Open valadez-abel opened 4 months ago
@valadez-abel can you be a bit more precise about where exactly the bug in the line you linked is? Also, can you share what RE implementation you're using? From looking at your logs, it looks to me like the script that buck is writing out is getting materialized as a symlink into a cas directory on the RE side, but I'm not sure I'm understanding correctly yet
The linked line ends up resolving: __SRC=C:\worker\work\3\0\exec\buck-out\v2\gen\prelude\749e8add6e5f1364\python_bootstrap\tools\__win_python_wrapper__\win_python_wrapper.bat
into:
__SRC=\\?\C:\worker\cas\77\7786b38fdc6164bc83a39fa48e33d783a9560d386c7a765d5e09f777ff3d9c71
Which on it's own is fine, but then:
C:\worker\work\3\0\exec>for %a in ("\\?\C:\worker\cas\77\7786b38fdc6164bc83a39fa48e33d783a9560d386c7a765d5e09f777ff3d9c71") do set "__SCRIPT_DIR=%~dpa"
attempts to get the parent directory of the resolved location:
C:\worker\work\3\0\exec>set "__SCRIPT_DIR=\\?\C:\worker\cas\77\"
which ends up not being correct to find siblings of the original file.

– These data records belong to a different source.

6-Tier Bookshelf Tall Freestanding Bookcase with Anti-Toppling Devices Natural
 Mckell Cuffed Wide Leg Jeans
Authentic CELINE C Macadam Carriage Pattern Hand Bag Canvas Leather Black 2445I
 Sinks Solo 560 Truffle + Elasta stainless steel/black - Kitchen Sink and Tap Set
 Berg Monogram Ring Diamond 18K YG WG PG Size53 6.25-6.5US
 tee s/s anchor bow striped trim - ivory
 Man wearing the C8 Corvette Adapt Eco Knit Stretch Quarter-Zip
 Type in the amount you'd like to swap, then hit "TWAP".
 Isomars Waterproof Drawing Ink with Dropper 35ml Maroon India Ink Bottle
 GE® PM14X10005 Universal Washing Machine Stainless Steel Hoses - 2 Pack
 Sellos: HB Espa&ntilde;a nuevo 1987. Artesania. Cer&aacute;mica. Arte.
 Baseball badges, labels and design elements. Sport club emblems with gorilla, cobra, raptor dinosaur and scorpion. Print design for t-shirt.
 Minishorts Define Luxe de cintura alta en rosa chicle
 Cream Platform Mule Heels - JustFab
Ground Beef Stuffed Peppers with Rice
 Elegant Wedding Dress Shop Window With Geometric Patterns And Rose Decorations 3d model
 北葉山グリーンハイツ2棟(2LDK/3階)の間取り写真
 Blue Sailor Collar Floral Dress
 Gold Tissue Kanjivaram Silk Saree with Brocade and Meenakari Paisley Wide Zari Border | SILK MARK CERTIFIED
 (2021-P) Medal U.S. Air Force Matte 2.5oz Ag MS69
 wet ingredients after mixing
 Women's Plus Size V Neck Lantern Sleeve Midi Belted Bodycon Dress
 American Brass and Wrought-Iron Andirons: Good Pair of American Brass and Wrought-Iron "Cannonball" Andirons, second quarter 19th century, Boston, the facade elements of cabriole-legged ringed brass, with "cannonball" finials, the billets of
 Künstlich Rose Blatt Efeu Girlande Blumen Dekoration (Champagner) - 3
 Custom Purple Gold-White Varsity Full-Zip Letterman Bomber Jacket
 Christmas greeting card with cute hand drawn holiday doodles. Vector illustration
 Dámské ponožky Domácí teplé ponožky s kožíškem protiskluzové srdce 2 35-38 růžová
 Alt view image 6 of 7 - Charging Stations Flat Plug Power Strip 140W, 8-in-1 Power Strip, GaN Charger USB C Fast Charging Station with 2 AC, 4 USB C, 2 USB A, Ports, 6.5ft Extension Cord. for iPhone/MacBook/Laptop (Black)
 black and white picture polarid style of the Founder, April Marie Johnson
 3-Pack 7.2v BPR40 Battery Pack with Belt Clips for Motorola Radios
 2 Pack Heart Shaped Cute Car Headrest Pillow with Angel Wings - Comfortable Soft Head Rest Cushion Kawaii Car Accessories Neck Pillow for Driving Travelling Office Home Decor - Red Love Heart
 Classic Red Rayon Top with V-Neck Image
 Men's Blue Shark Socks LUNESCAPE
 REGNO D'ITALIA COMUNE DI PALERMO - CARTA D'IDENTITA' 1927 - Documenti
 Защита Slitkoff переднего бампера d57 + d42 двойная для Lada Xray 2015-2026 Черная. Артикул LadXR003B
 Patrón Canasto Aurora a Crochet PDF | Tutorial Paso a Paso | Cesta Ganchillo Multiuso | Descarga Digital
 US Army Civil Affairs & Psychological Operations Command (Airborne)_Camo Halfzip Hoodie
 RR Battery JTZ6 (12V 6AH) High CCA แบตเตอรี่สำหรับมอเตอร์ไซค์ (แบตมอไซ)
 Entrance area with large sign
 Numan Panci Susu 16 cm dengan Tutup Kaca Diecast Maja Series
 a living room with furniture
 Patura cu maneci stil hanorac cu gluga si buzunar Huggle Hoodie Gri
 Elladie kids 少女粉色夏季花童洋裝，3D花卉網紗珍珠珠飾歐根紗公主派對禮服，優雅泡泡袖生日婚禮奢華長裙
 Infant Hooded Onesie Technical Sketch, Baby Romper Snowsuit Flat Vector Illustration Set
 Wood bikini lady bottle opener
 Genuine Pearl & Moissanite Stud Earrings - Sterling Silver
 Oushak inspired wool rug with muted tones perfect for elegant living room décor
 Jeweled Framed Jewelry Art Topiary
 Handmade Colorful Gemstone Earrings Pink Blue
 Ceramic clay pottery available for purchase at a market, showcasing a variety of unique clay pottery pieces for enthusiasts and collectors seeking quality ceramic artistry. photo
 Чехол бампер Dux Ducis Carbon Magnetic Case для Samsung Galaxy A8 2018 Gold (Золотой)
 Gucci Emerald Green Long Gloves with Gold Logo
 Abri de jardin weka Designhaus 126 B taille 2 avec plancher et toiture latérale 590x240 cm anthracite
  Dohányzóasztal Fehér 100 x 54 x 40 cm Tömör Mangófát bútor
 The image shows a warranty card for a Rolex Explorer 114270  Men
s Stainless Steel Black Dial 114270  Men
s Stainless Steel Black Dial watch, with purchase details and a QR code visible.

The bug in this case ends up being the assumption that you can follow the links in the re-side to an underlying tree that matches the structure. The directory itself will contain symlinks to the cas for the files that are there, but resolving any said links to the underlying location and then attempt traversals will fail.
We're using EngFlow's RE implementation. @TheGrizzlyDev can provide more details on how exactly the local file-system and underlying cache are setup.
Note that symbolic links have only been a problem on the windows side.
I am not exactly convinced this is an issue caused by the remote execution server. I think the script assumes that win_python_wrapper.bat
is indeed a simlink of sort, but it seems to me that buck2 will consider source inputs as normal blobs in a Directory message when setting up the input root for an action, rather than as a symlink. As such the file in question is not a symlink pointing at the same location it points to locally and the action should behave as if it was a file. So either buck2 keeps treating it as a symlink all the way through and correctly sets up the input root to preverse that or this script in question should stop making this assumption when running remotely. Wdyt? I think making this step configurable like @valadez-abel suggested would be a good stop-gap solution that fixes builds, but I think in the longer run buck2 should try preserving the file system as much as possible on RE. Let me know if I am missing anything though!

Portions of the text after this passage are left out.